Programming Language for Games, part 3
bearophile via Digitalmars-d
digitalmars-d at puremagic.com
Sun Nov 2 12:12:16 PST 2014
Walter Bright:
> Why aren't you using Ada if this is critical to you? (I'm not
> being sarcastic, this is a fair question.)
It's not critical...
Ada is not fun, too much new stuff to learn and to adapt to, and
I can't influence Ada evolution in any way. My hope for preferred
future system language is not in Ada. Still, Ada contain some
nice ideas.
> I'm not saying "freeze the design".
But we are currently close to this... Lately the only ideas I've
seen seriously discussed are the ones about reference counting by
Andrei. Even the proposal about the tracking of memory ownership
was not much discussed.
> I'm saying that if things are wrapped in enough bubble wrap,
> few programmers will want to use the language. After all, I
> don't wear a firesuit or helmet when I drive my car.
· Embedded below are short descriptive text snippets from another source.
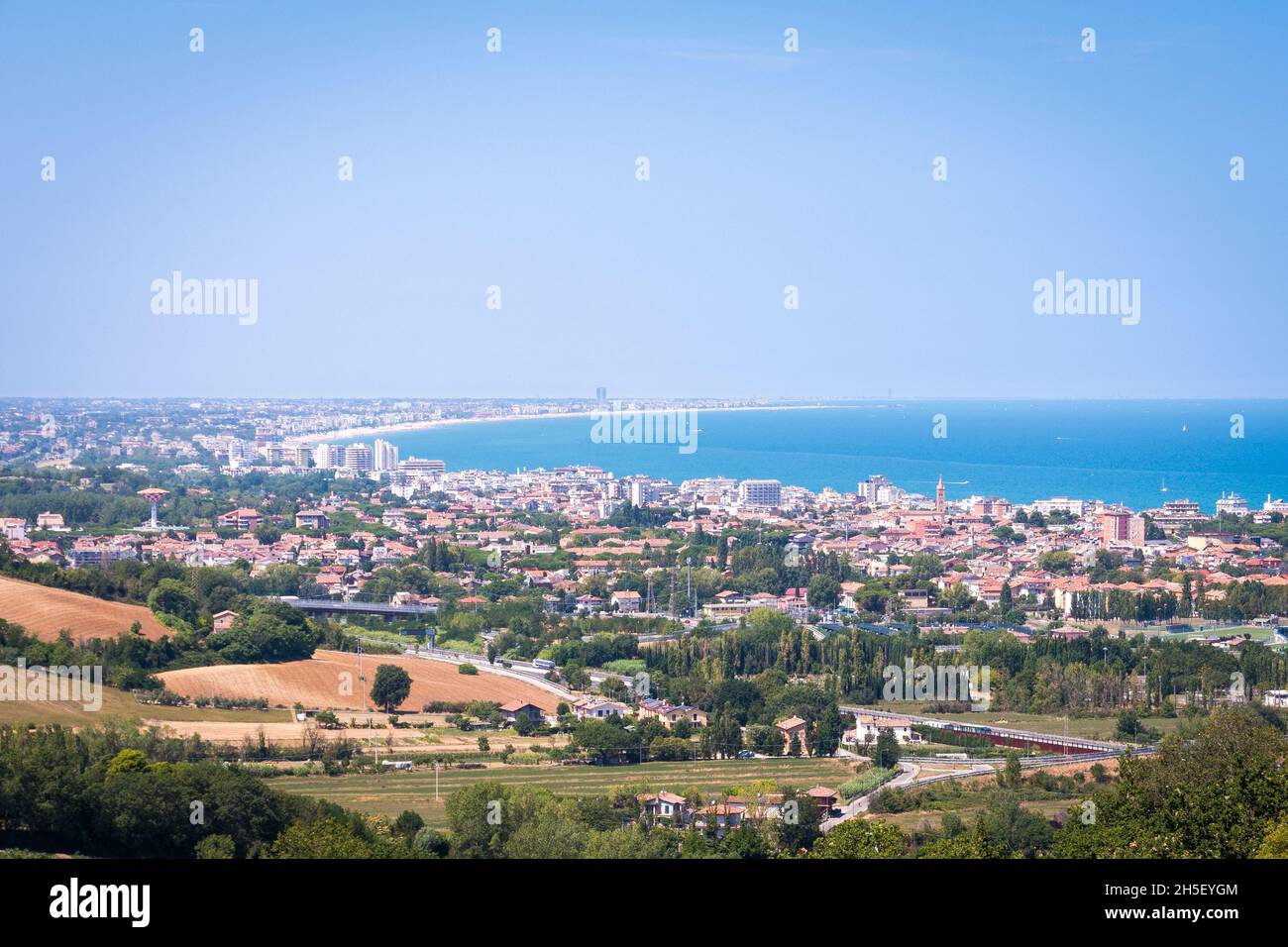 Die Städte Cattolica und Riccione mit Blick auf die Adria vom Schloss Gradara in den Marken, Italien Stockfoto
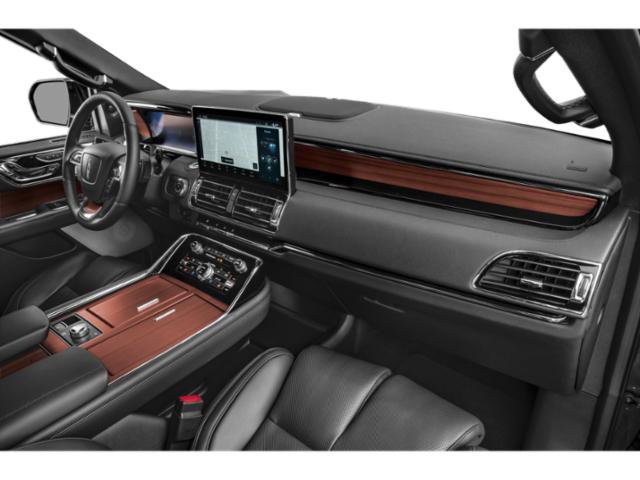 Certified 2024 Lincoln Navigator Premiere AWD/4WD image 15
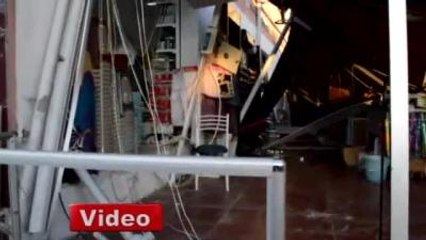 Fırtına İşyerini Yıktı, Çatıları Uçurdu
The new pre-condition is optional (you use it for Phobos structs,
etc), and for the programmer that later uses the
function/struct/class its usage its totally transparent, so the
wearing of firesuit/helmet metaphor is not good enough.
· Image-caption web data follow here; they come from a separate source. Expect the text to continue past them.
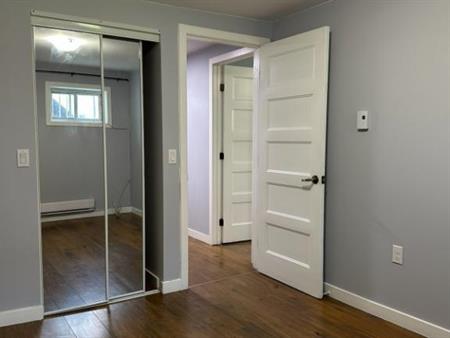 5 1/2 à louer à Laval, 3 chambres / 3 bedrooms for rent in Laval
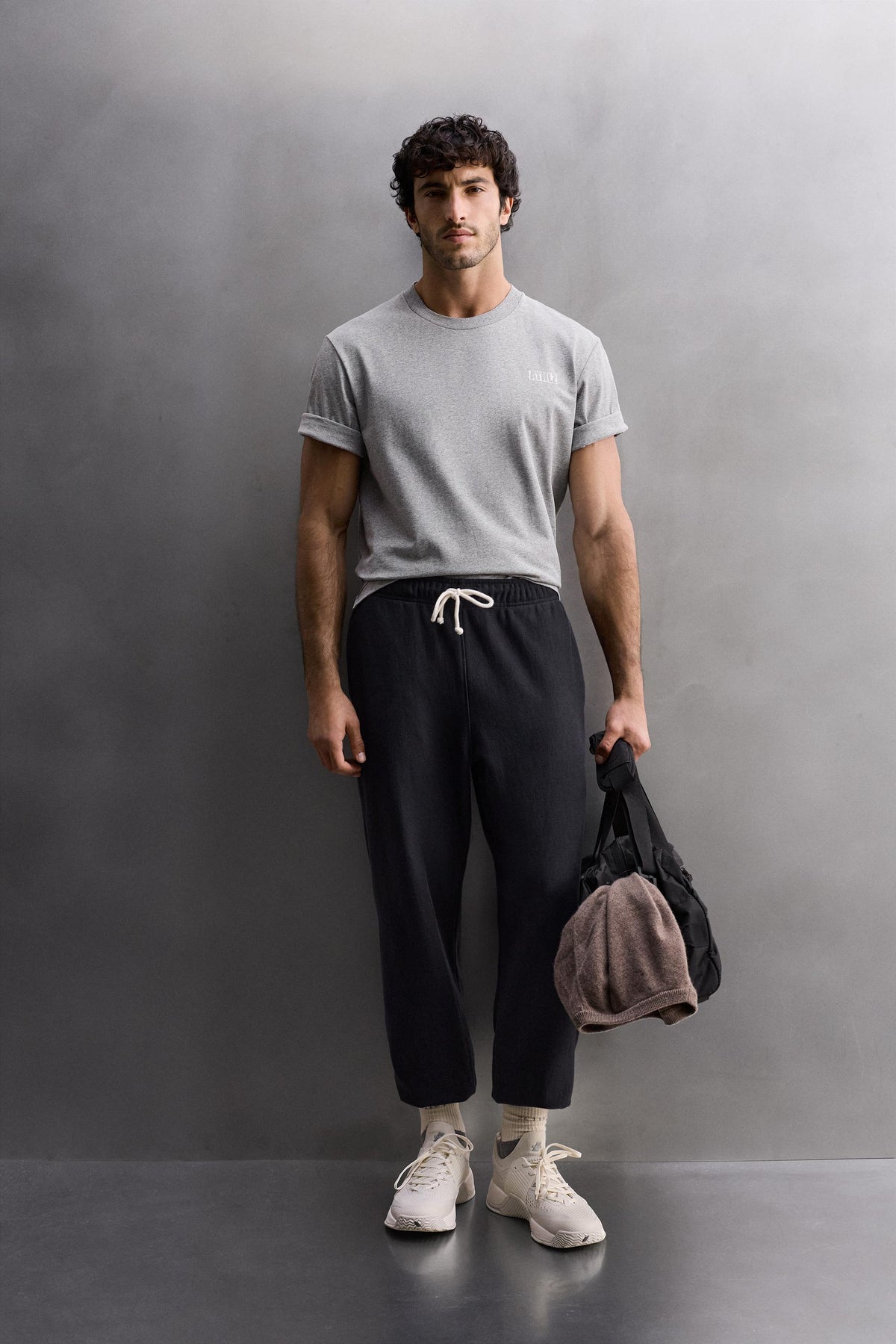 GRAPHIC PRINT TRAINING T-SHIRT - Image 1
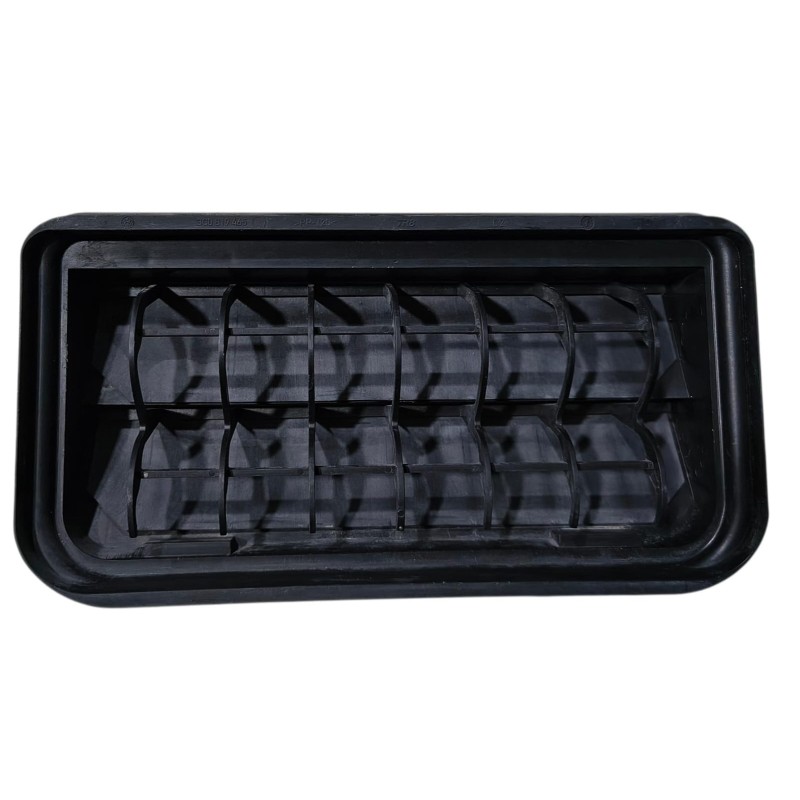 REJILLA DE VENTILACION DEL PANEL LATERAL TRASERO JETTA MK6 2005 - 2018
If I define a library type named Nibble that is represented with
an ubyte and accepts only values in [0, 15] with an enum
precondition, I can use it like (once Kenji patch to convert
arrays of structs is merged):
Nibble[] arr = [5, 18, 3, 1];
The usage is totally transparent for the user, no firesuits or
helmets are necessary or visible (yet that code will give a
compile-time error).
> I understand. But poor C++ interop is preventing quite a few
> people from using D.
I understand and I encourage this part of D design to keep going
on.
> Validating printf format strings is not.
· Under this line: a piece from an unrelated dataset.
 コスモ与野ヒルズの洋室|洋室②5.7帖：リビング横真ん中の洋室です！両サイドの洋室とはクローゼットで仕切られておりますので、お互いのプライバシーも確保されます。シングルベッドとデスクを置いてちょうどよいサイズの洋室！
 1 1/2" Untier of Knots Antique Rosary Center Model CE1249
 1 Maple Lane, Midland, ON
I don't care much of printf/writef. That was just an example, and
not even the most important.
> 2. If it exists, why aren't you using it?
If a writeln template with compile-time format string testing
goes in Phobos I'll surely use it (despite the template bloat it
will cause).
> I understand that - yet another basic type in the system.
Perhaps a good enough FlagsEnum can be implemented with pure D
library code.
>> And formalizing a programmer idiom is often not a bad idea.
>
> Sorry, this is just hand-waving.
I have seen it's often true ::-) New languages are essentially
invented for this purpose: to turn programmer idioms into
compiler-enforced features with a short nice syntax. The idiom of
passing a pointer + length to a C function is replaced by a much
better dynamic array of D. Even OOP is an idiom that used to be
implemented badly in C by lot of people. This list of examples
can become very long.
> A reasonable optimum point is not equal to "nobody can find any
> fault with it". A reasonable optimum point is where the faults
> are more acceptable than the known alternatives.
I think the free mixing of signed and unsigned integral values is
not a good idea in D. I think that there are various ways to
refine immutable value range propagation.